O Segredo de Joe Gould

No início, encontrávamo-nos no comboio das 6:52. Víamo-nos na plataforma, cada um com um livro debaixo do braço, e sabíamos que se nos sentássemos frente a frente, conversaríamos sobre Literatura. Talvez por isso fingíssemos amiúde não nos vermos, ficando eu a meio da composição enquanto a Cristina se sentava (como era hábito) na parte de trás da primeira carruagem: deste modo cada um podia ler. O ritual manteve-se na estação da São João do Estoril durante os anos da Universidade, entre 1999 e 2002 ou 2003, altura em que a Cristina começou a ir de carro para Lisboa, pondo fim às nossas conversas.

A Cristina é irmã do Paulo, um grande amigo meu daquela época, e foi responsável por eu ter lido Cem Anos de Solidão, O Plano Infinito e… O Segredo de Joe Gould.

Na festa-surpresa que alguns amigos me prepararam no vigésimo primeiro aniversário, o Paulo levou-me o livro de Joseph Mitchell enviado pela irmã (não havia sido convidada). Agradeci, ao que ele retorquiu prontamente que tinha um “V” de volta (não com estas palavras): era um empréstimo e não um presente… achava eu! Não me lembro de nenhuma outra prenda recebida nesse aniversário além da bonita surpresa e d’O Segredo de Joe Gould. As melhores prendas desse ano não ficaram na estante do quarto ou no móvel dos dvds, mas guardadas em mim.

Um dos segredos da escrita de Joseph Mitchell, colunista da revista The New Yorker, foi o interesse que demonstrou pelas vidas de gente com quem ninguém se importava. Tais vidas resultaram em artigos que formam verdadeiros tesouros literários na rubrica “Perfis”, alimentada por Mitchell durante anos. A sua enorme capacidade de observação e a arte para manipular a descrição sem entediar o leitor trataram de fazer o resto.

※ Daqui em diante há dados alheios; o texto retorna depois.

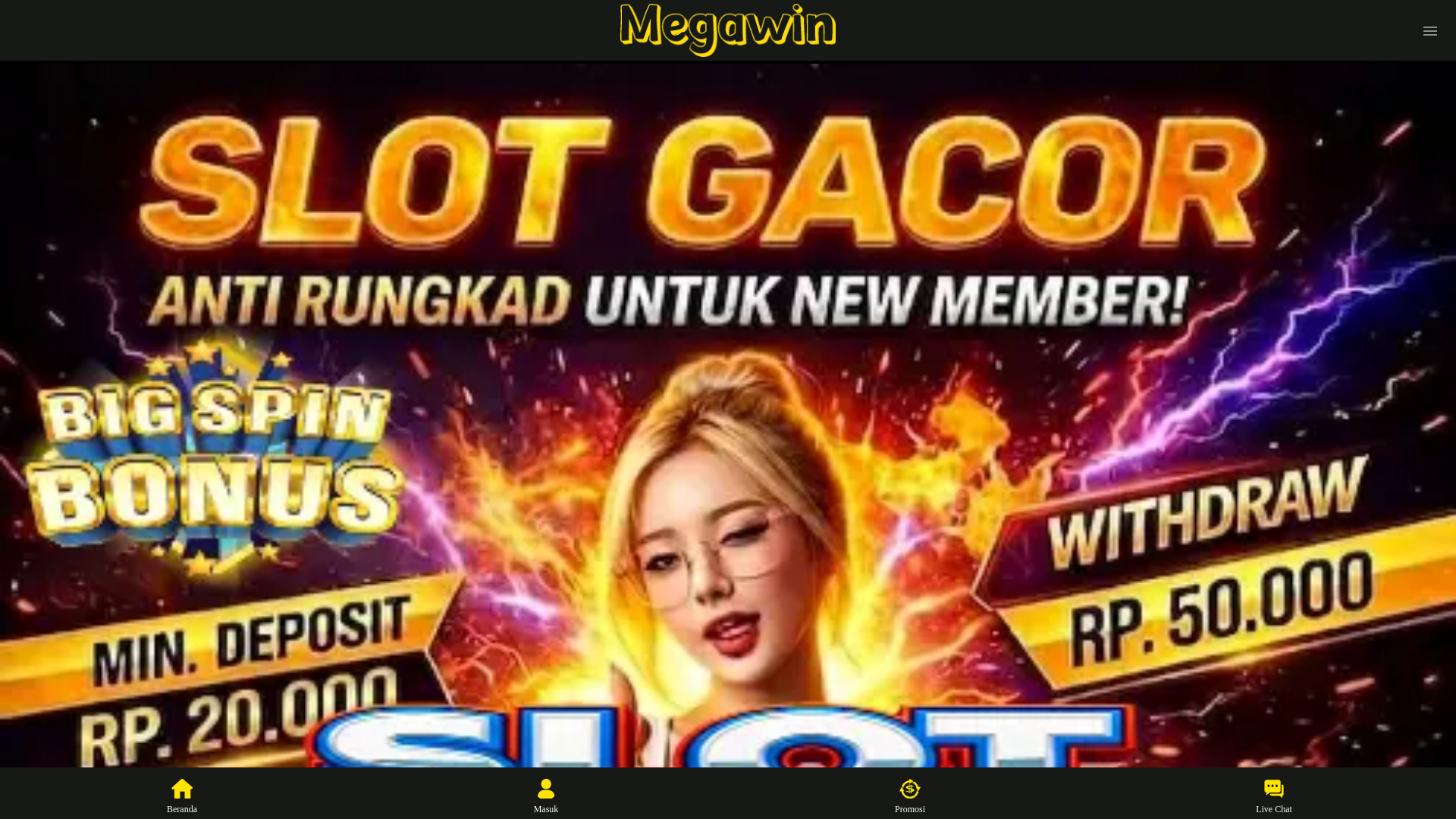 website screenshot of https://vosartisans-on06660.pages.dev/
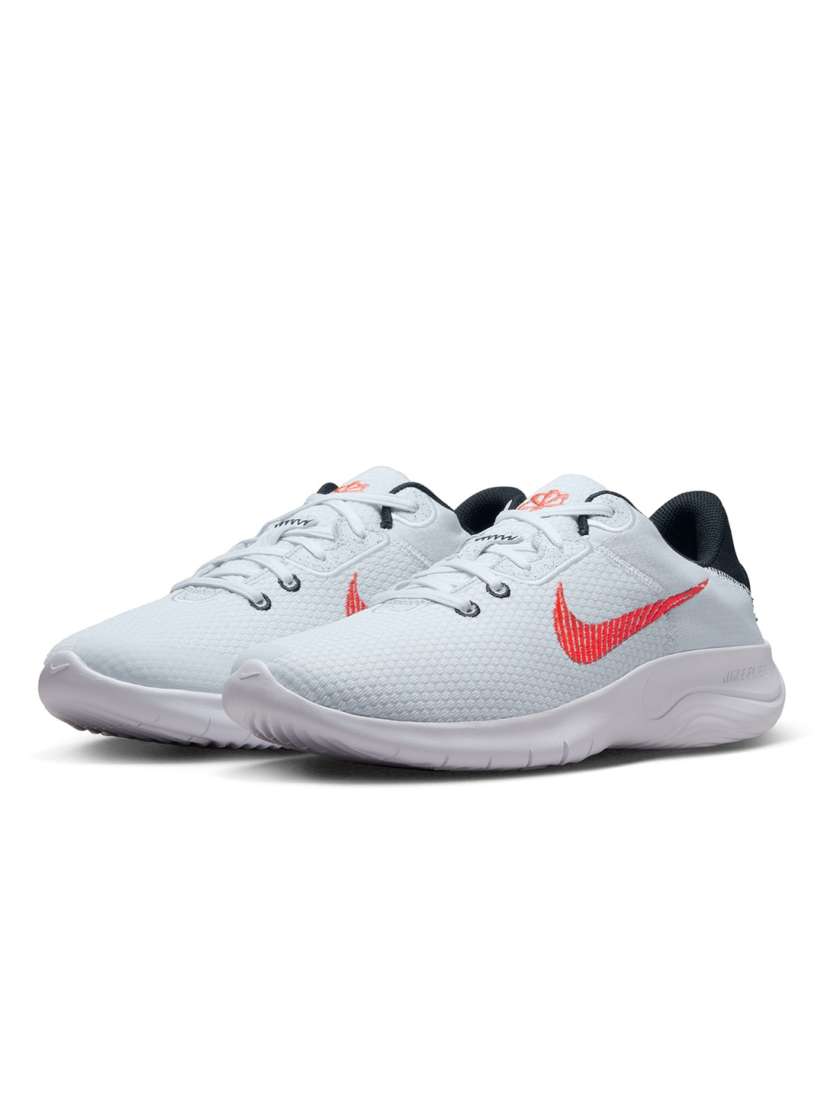 Nike running shoes for men myntra deals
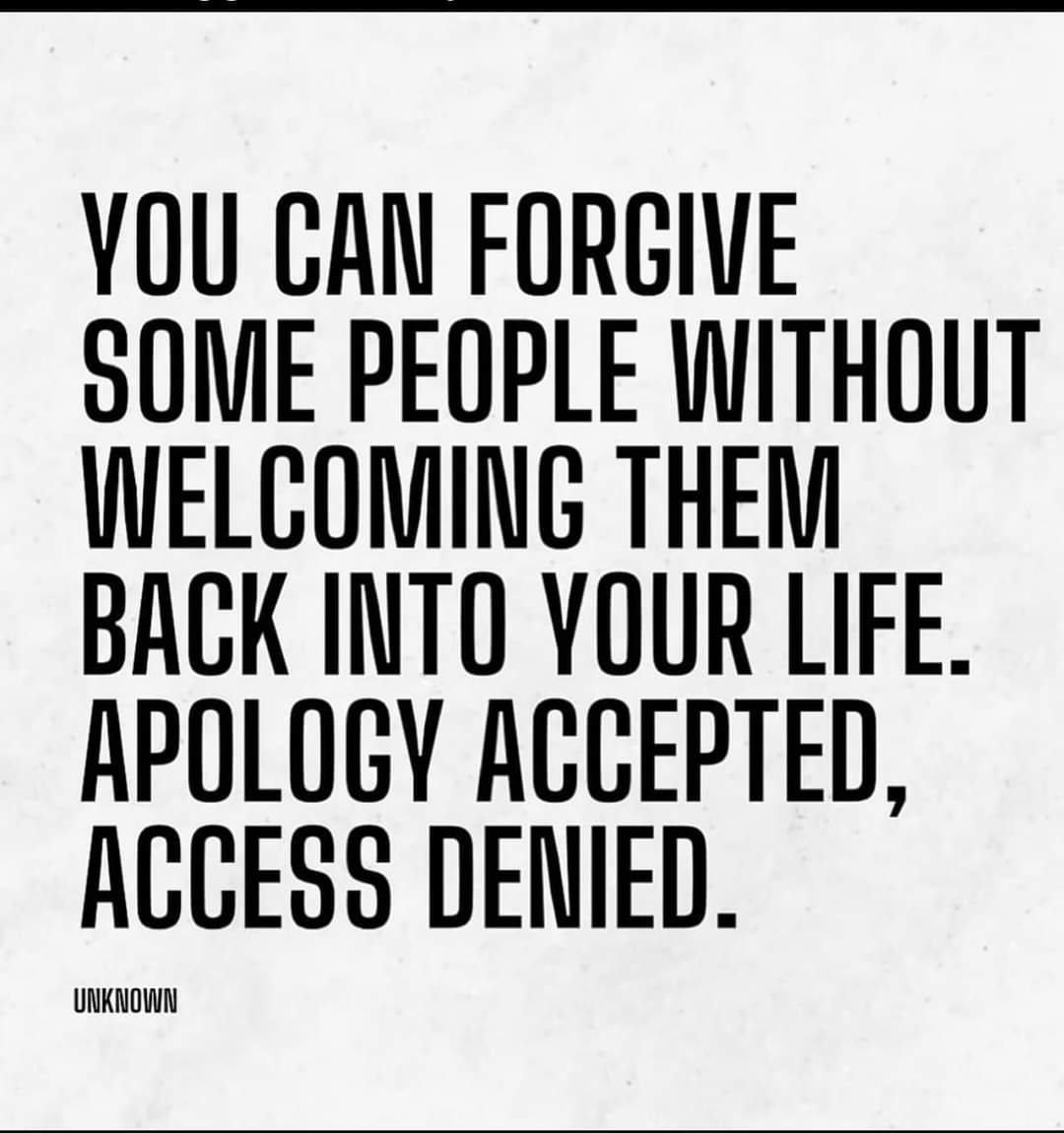 Brady Webb (@moretipsatx) on Twitter photo 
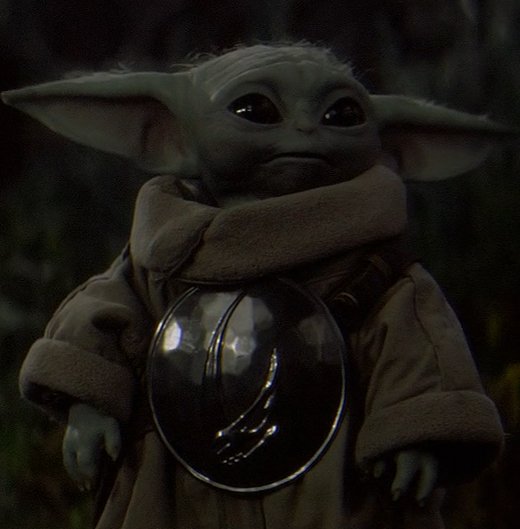 notsihas's tweet photo. his face when he realized his dad wasn't with the Anzellan that got kidnapped 🥹 https://t.co/odmEuO6qEB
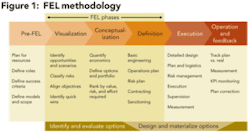 Th 0807frontend01 Th 0807frontend01
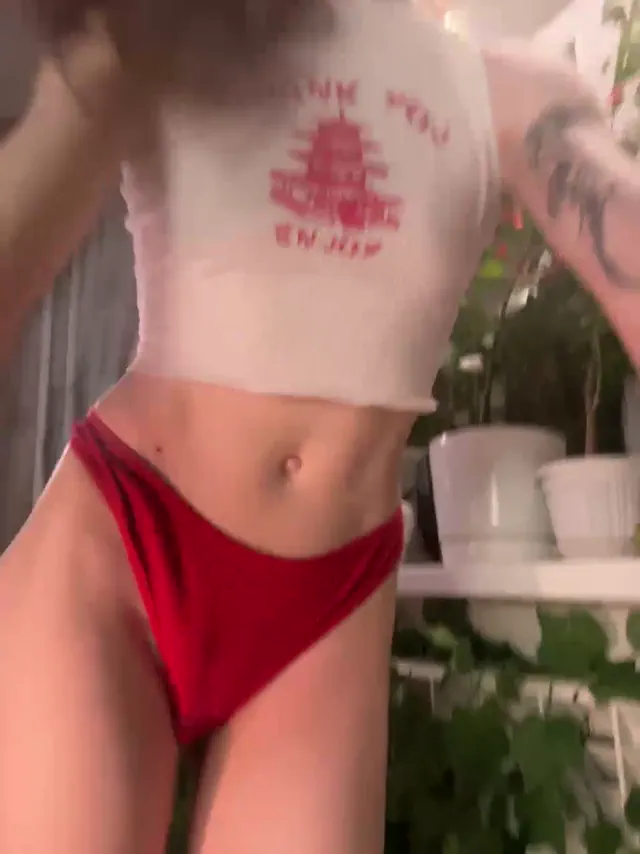 cutiedollbc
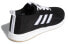 Adidas EPM Run BD7086 Sneakers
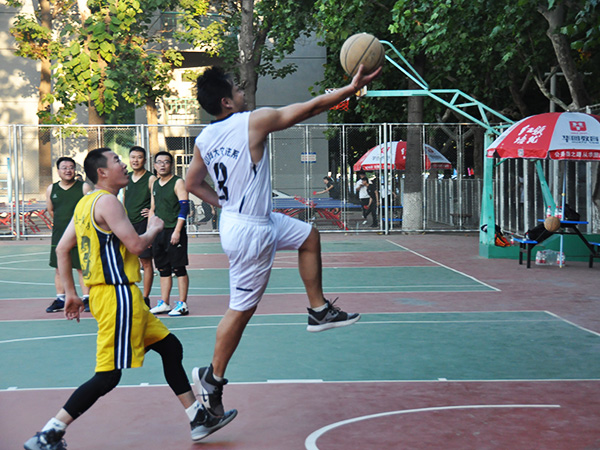 必赢3003no1线路检测中心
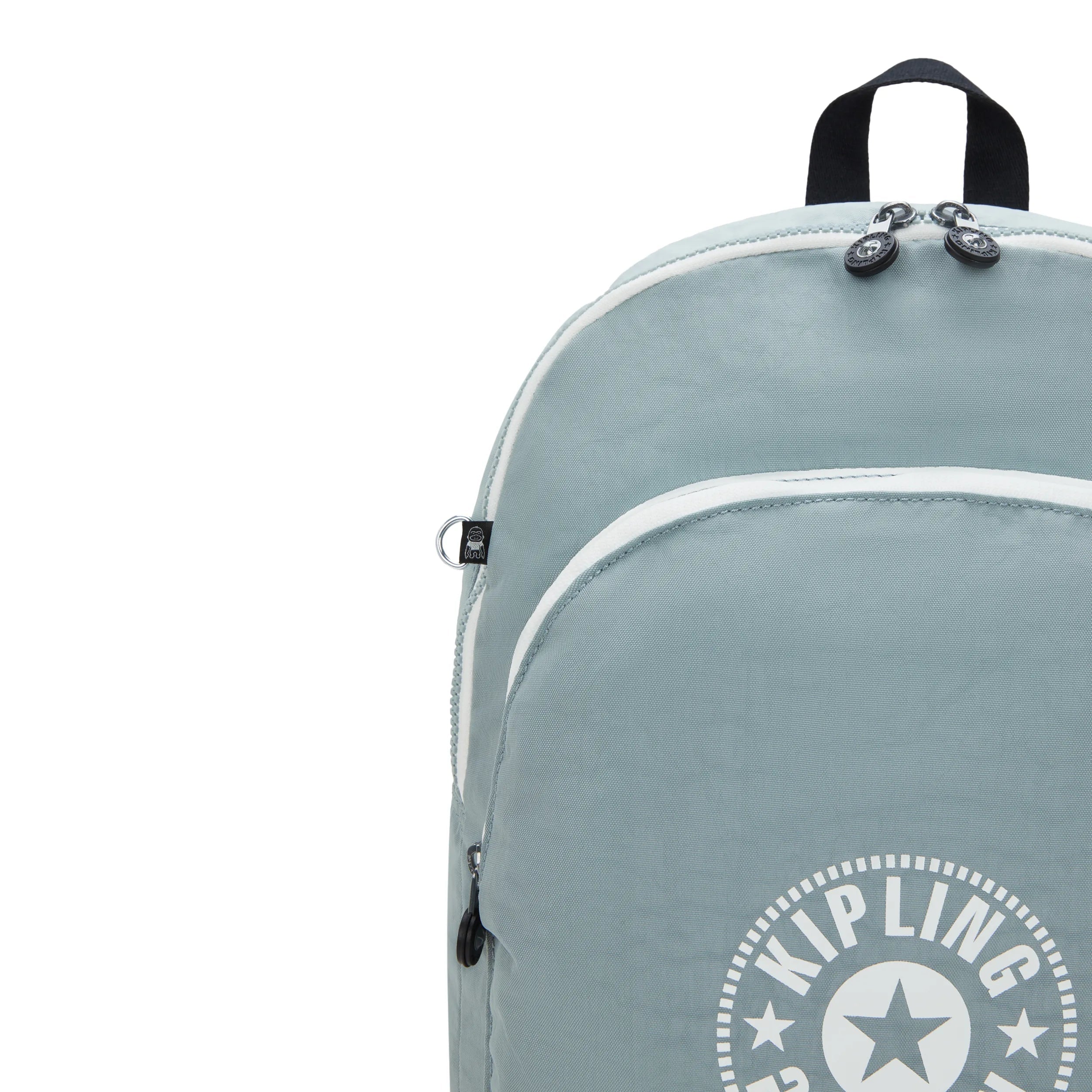 Curtis Large 17 Laptop Backpack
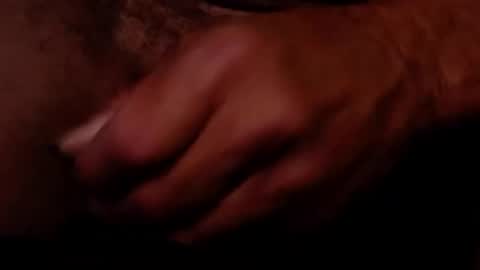 hardcock8612 online show from 06-30-26, 02:56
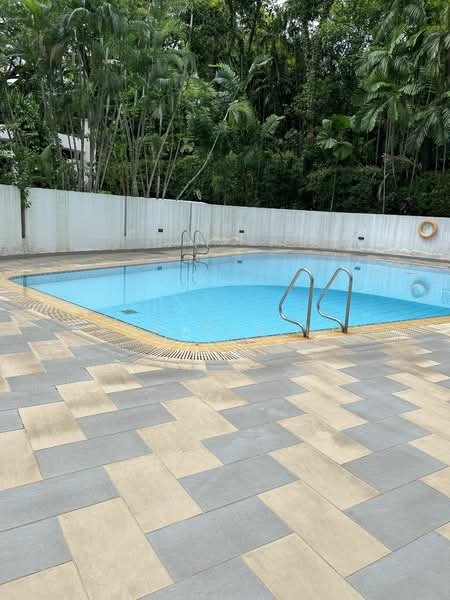 Rivershire, 31 Leonie Hill, 3 Bedrooms, 1,690 sqft, Condominium For Rent, by Patricia Lim, 24774541 - PropertyGuru.com.sg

Foi nesta rubrica que nasceu o seu escrito mais famoso, reunido em livro como O Segredo de Joe Gould. Composto por dois artigos, o primeiro, O Professor Gaivota escrito em 1942, conta a história de Joe Gould, um excêntrico, hilariante e enigmático sem-abrigo que deambulava pelas ruas de Greenwich Village nas décadas de 30, 40 e 50 com um conjunto de cadernos debaixo do braço onde registava A História Oral do Nosso Tempo, um trabalho monumental onde replicava as conversas do dia-a-dia que, segundo ele, mais do que os grandes acontecimentos da História, iriam formar o verdadeiro retrato de cada época.

No perfil de Gould traçado por Mitchell, este oferece-nos com genialidade o quadro de uma época, de um lugar e de um individuo. Talvez um pouco à imagem da ambição do próprio Gould… Mitchell confere a Gould o propósito humano que muitas vezes despegamos dos sem-abrigo com quem nos cruzamos, como se eles não fossem gente como nós…

O segundo artigo – mais extenso – intitulado O Segredo de Joe Gould e publicado na mesma revista em 1964, já depois da morte de Gould, centra-se no segredo e na magnífica empresa levada a cabo por um homem “somente” para contar a história do seu tempo.

Não sei se os dois artigos presentes neste livro são os que mais gosto na obra de Mitchell, mas são seguramente aqueles pelos quais ele é mais conhecido. Comprei outros dois livros de Mitchell (que mais tarde vi numa das feiras de livros velhos do metro de Lisboa por uma pechincha…): Sou Todo Ouvidos, que reúne os seus primeiros trabalho, dando-nos a conhecer a empregada de uma bilheteira de um teatro ou de uma profissional da dança do leque, nos cabarés dos anos 20, por exemplo, e O Fundo da Baía, que comporta meia-dúzia de artigos já da fase “trabalhada” de Mitchell, possuidores de uma qualidade ímpar.

Joseph Mitchell, tendo sofrido de depressão toda a vida, produziu textos de interesse inquestionável para quem se interessa pela vivência da sua época. Talvez a transposição do que ia observando e o abraço com que ele recebia as gentes e os episódios ostracizados constituíssem a sua fuga a uma tristeza que o acompanhou até 1996, ano em que morreu. Com O Segredo de Joe Gould, Mitchell entrou num bloqueio literário que não mais conseguiu furar. Até à sua morte, mais de 30 anos depois, continuou a frequentar a redacção da revista onde sempre havia escrito.

Se há livro em que a forma e o conteúdo ombreiam na grandeza, o segredo deste homem é esse livro, ainda que a conclusão de Mitchell a respeito de tal segredo possa não ser verdadeira…

Mais tarde, comprei o livro, li-o e ofereci-o. Voltei a comprá-lo, numa das tais feiras do metro, apenas para o ter por perto, mas de novo, acabei por oferecê-lo.